Of course, some students will not have access to these types of family photos for various reasons. When I assign the project, I make sure to emphasize that students are welcome to bring in photographs of any adult they admire, find interesting, or who might be a role model for them. The photograph they choose can be from a newspaper, the web, or even in a book. One year I provided a selection of magazines for students to browse through.
One of the great parts of this activity occurs before the writing even begins when students share the photos they have selected with their classmates. I’ve had students bring in photos of their parents at their high school prom, playing school sports, or, in one case, of their mother as the homecoming queen. These always spark a lot of interest because the person in the photo is near the age of the student. Other students have brought in photos of their parent at a first job, working on a car, riding horseback, and sitting with grandparents at a family reunion. As an alternative to a photo of a parent, one student brought in a black and white photograph of the indie singer, Ani DiFranco. Another student picked through a stack of photos I had cut from various photography magazines. His eyes lingered over the one he chose: a young man leaning against a brick wall, one leg bent with the sole of his shoes pressing against the wall behind him, head turned as if looking up the street in anticipation.
Close reading of mentor poem
Before we get to the writing assignment, I have the students read a poem as a mentor text. My goal is for them to see “the hand of the writer” and work toward understanding the decisions a writer makes in composing a poem. The challenge is asking the right questions to get students started and then relinquishing control so that students may pose their own questions.

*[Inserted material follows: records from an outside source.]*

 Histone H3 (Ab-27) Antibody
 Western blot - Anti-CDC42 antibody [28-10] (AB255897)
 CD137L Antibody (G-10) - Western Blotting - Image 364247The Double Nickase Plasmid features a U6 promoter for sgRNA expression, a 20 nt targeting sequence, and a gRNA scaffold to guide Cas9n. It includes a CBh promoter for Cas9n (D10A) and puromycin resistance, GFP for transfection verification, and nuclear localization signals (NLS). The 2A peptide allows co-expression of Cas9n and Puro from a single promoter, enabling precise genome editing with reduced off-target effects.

While there are plenty of choices for poems about parents, I use “Photograph of My Father in His Twenty-Second Year” by Raymond Carver. The poem provides a model for our task at hand as Carver studies a photograph of his father.
Photograph of My Father in “is Twenty-Second Year
by Raymond Carver
October. Here in this dank, unfamiliar kitchen
I study my father’s embarrassed young man’s face.
Sheepish grin, he holds in one hand a string
of spiny yellow perch, in the other
a bottle of Carlsbad Beer.
In jeans and denim shirt, he leans
against the front fender of a 1934 Ford.
He would like to pose bluff and hearty for his posterity,
Wear his old hat cocked over his ear.
All his life my father wanted to be bold.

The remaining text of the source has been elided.